_Activity_. Reproduce from the records below, with no pictures, exactly the lines between the one containing "Young man pointing" and the one containing "A shirtless man", inclusive.

_Listed records_.
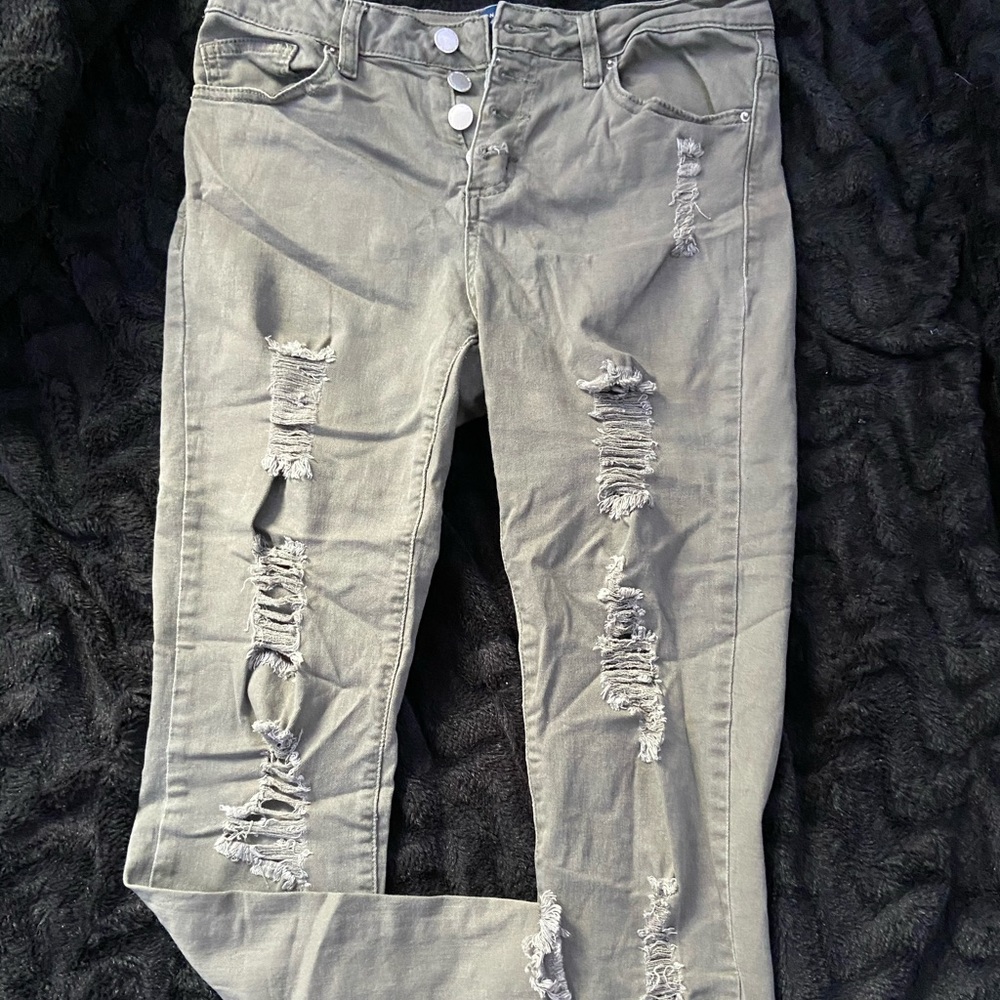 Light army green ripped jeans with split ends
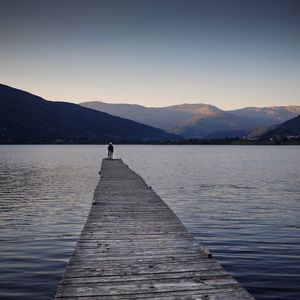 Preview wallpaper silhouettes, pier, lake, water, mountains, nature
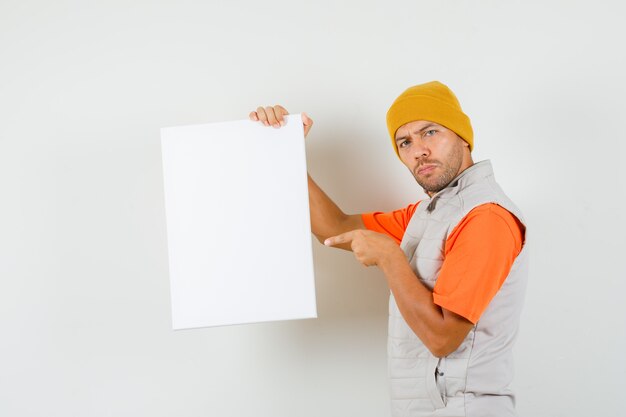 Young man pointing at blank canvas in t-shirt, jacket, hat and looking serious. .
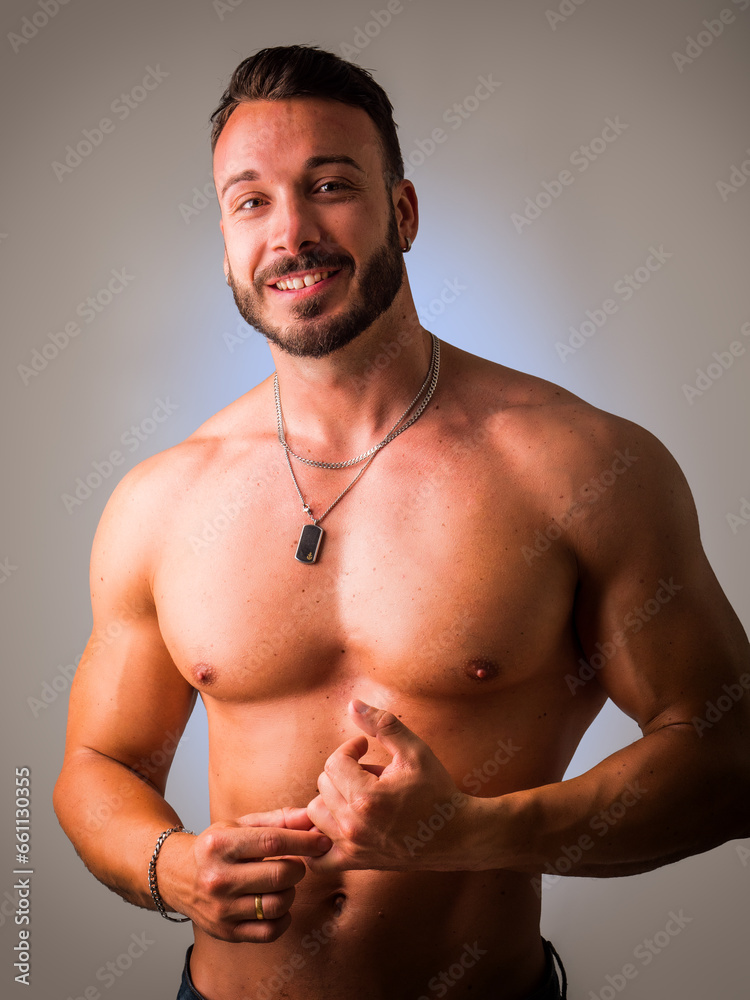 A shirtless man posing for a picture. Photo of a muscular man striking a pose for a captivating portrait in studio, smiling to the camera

--

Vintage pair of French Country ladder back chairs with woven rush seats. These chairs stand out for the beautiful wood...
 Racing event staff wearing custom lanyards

...

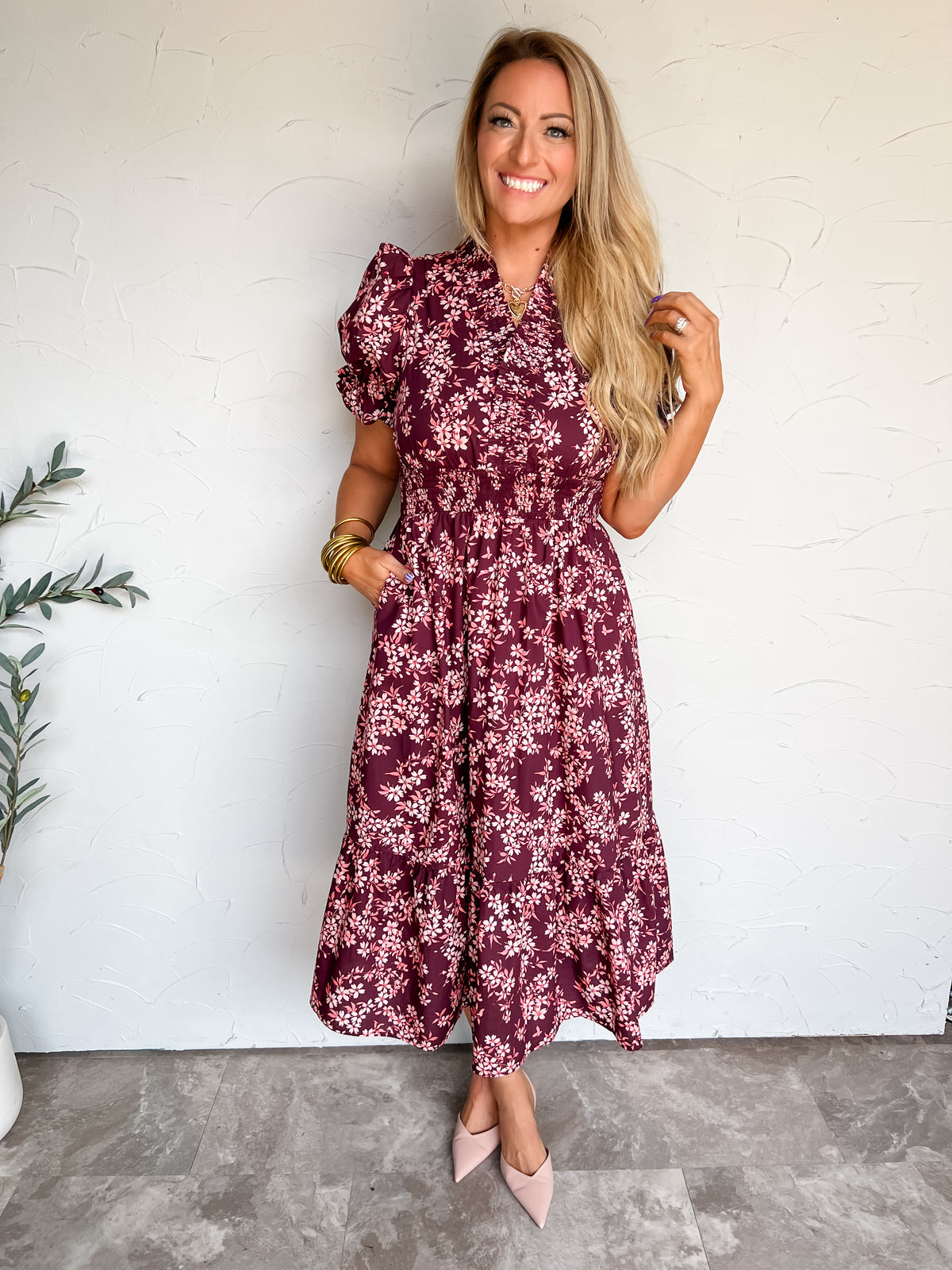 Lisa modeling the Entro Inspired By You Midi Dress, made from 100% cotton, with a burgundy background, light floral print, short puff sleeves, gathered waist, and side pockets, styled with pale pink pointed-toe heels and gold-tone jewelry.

_Answer to this problem_.
 Young man pointing at blank canvas in t-shirt, jacket, hat and looking serious. .
 A shirtless man posing for a picture. Photo of a muscular man striking a pose for a captivating portrait in studio, smiling to the camera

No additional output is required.